Kamberg Nature Reserve forms part of the Maloti- Drakensberg Park World Heritage Site. It is situated centrally in the foothills of the Drakensberg Mountains. Kamberg Nature Reserve was proclaimed in 1951 and one. This part of the Drakensberg is particularly scenic, with a number of walks throughout the area and some of the best rock art site exist here.
The natural landscape of Kamberg Nature Reserve has many rock shelters, containing San rock paintings. These were created by the San people over a period of at least 4000 years. The rock paintings are outstanding in quality and diversity representing the spiritual life of the San people who no longer live in the region. It is ideally placed for visitors wishing to visit the many other access points in the Drakensberg
Kamberg’s Rock Art Centre deserves a mention. Run by the local Tandela community it offers daily tours that incorporate a relatively easy guided 3.5 km walk to Game Pass Cave (for those who cannot manage the walk, a multimedia centre screens a visual tour of the walk). Waterfall Shelter, a second cave filled with San rock art, is close enough to visit as well. Visitors describe the rock art as vivid, and the tour as impressive.

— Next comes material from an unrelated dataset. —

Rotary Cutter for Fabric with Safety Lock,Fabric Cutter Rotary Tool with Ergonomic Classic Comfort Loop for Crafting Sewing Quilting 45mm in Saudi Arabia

For rock art enthusiasts the Kranses group of caves, a 12 km round trip, is a highlight. The narrow sheltered rock wall is awash with paintings of eland and some scenes depicting a group of people carrying shields (the San did not use shields and it is likely that these rock art paintings depict the Amazizi who lived peacefully alongside the San).
There is a well maintained dam for flyfishing, and the plentiful waterfalls in the reserve are perfect for mid-morning swims. Weather, as with any stay in the Drakensberg, is variable and you will need to take all-weather clothing.